*** Opening of EXERCISE DATA ***
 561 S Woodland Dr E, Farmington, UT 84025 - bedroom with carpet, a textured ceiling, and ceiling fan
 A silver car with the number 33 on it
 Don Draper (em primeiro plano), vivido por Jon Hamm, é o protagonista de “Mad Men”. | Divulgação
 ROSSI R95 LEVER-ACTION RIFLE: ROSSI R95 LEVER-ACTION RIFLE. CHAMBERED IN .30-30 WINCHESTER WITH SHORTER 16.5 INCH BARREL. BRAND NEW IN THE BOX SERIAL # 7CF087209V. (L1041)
*** Close of EXERCISE DATA ***
*** Opening of EXERCISE DATA ***
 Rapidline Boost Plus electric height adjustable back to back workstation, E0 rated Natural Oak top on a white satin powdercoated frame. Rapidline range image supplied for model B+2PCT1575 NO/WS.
*** Close of EXERCISE DATA ***
*WHAT THE TASK ASKS:* What you return must be the lines above that run from the line with "561 S Woodland" to the line with "ROSSI R95 LEVER-ACTION RIFLE: ROSSI", inclusive, each copied exactly.

*RESULT BELOW:*
 561 S Woodland Dr E, Farmington, UT 84025 - bedroom with carpet, a textured ceiling, and ceiling fan
 A silver car with the number 33 on it
 Don Draper (em primeiro plano), vivido por Jon Hamm, é o protagonista de “Mad Men”. | Divulgação
 ROSSI R95 LEVER-ACTION RIFLE: ROSSI R95 LEVER-ACTION RIFLE. CHAMBERED IN .30-30 WINCHESTER WITH SHORTER 16.5 INCH BARREL. BRAND NEW IN THE BOX SERIAL # 7CF087209V. (L1041)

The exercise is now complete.